Alimentazione bentonica e sensi sviluppati
L'anguilla conduce una vita bentonica e notturna molto riservata. La sua dieta è estremamente varia e comprende piccoli pesci, mazzetti di lombrichi, gamberi di fiume, molluschi, larve acquatiche e uova di altre specie. Dotata di un olfatto eccezionalmente sviluppato — nettamente superiore a quello della maggior parte degli altri pesci d'acqua dolce —, l'anguilla usa le sue narici tubolari per scovare le prede nel buio pesto lungo i fondali melmosi o all'interno della fitta vegetazione acquatica.
Temperatura, comportamento notturno e la migrazione nel Mare dei Sargassi
L'anguilla è un pesce termofilo la cui attività alimentare raggiunge il picco quando la temperatura dell'acqua è compresa tra 10–22 °C.
- Abitudini strettamente notturne: Caccia quasi esclusivamente dopo il tramonto.

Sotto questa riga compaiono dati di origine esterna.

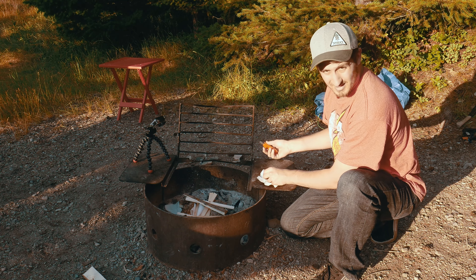Day 2 starts with a breakfast of bacon and eggs. While I wait for the rest of the bacon to finish cooking, I start eating my eggs. I cooked them perfectly — great breakfast.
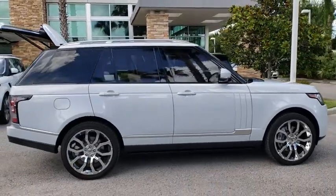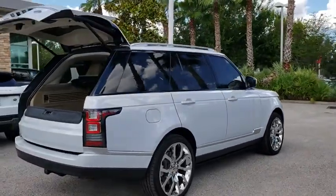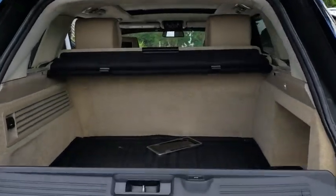Here are some of this vehicle's great options: stability control, navigation system, traction control, keyless entry, steering wheel audio controls, tow hitch, anti-lock braking system.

Le notti estive calde e afose, così come le ore che precedono i temporali (con forti cali di pressione barometrica), offrono le migliori probabilità di successo.
- Spostamenti sulla terraferma: Nelle notti umide e ricche di rugiada, l'anguilla è in grado di strisciare per brevi distanze sull'erba bagnata per spostarsi tra specchi d'acqua isolati, lanche o fossati.
- Migrazione riproduttiva senza ritorno: Raggiunta la maturità sessuale, le anguille (diventate anguille argentine) cambiano livrea, smettono di alimentarsi e intraprendono una migrazione epica e unidirezionale verso il Mare dei Sargassi, dove depongono le uova e poi muoiono.
Habitat e zone di stazionamento
Le anguille fuggono la luce solare diretta e trascorrono la giornata nascoste in rifugi oscuri. I loro stazionamenti preferiti includono fondali melmosi, fitti erbai, legni sommersi, anfratti nelle sponde sottoscavate e spaccature rocciose. Spesso si affondano completamente nel fango morbido, lasciando sporgere solo la testa.
Esche efficaci e tecniche di pesca
La pesca all'anguilla richiede montature pesanti e robuste, poiché una volta allamata cercherà immediatamente di avvolgersi attorno al primo ostacolo sommerso utile:
- Esche più efficaci: Grandi mazzetti di lombrichi di terra o vermi rossi, piccoli pesci vivi o morti (gobioni, alborelle), strisce o code di pesce fresco e code di gambero sgusciate.
- Tecnica principale: Pesca pesante a fondo (pesca a fondo / feeder pesante con piombo scorrevole). Si consiglia l'uso di mulinelli con sistema baitrunner o di lasciare l'archetto aperto, poiché l'anguilla è diffidente e sputerà l'esca se avverte una resistenza eccessiva prima di ingoiarla.
Strategia per la cattura di un'anguilla trofeo
Combattere e guadinare un'anguilla trofeo è un'esperienza di pesca intensa e singolare:
- Notti calde estive: Concentrate le vostre uscite durante le notti più calde di luglio e agosto, insidiando le baie poco profonde con fondo melmoso, i margini dei canneti o le aree sotto i rami pendenti.
- Trazione continua e decisa: Subito dopo la ferrata, applicate una pressione costante per staccare l'anguilla dal fondo. Le anguille tendono a nuotare all'indietro e cercheranno di avvolgere la coda attorno a qualsiasi radice o ramo sommerso.
- Gestione della cattura: Preparatevi a maneggiare un pesce estremamente potente, sfuggente e ricoperto da un denso strato mucoso. Evitate l'uso di guadini classici a maglia fine, poiché l'anguilla lo aggroviglierà in pochi secondi formando un nodo inestricabile. Utilizzate un panno o un asciugamano bagnato per bloccare saldamente il pesce dietro la testa durante la slamatura.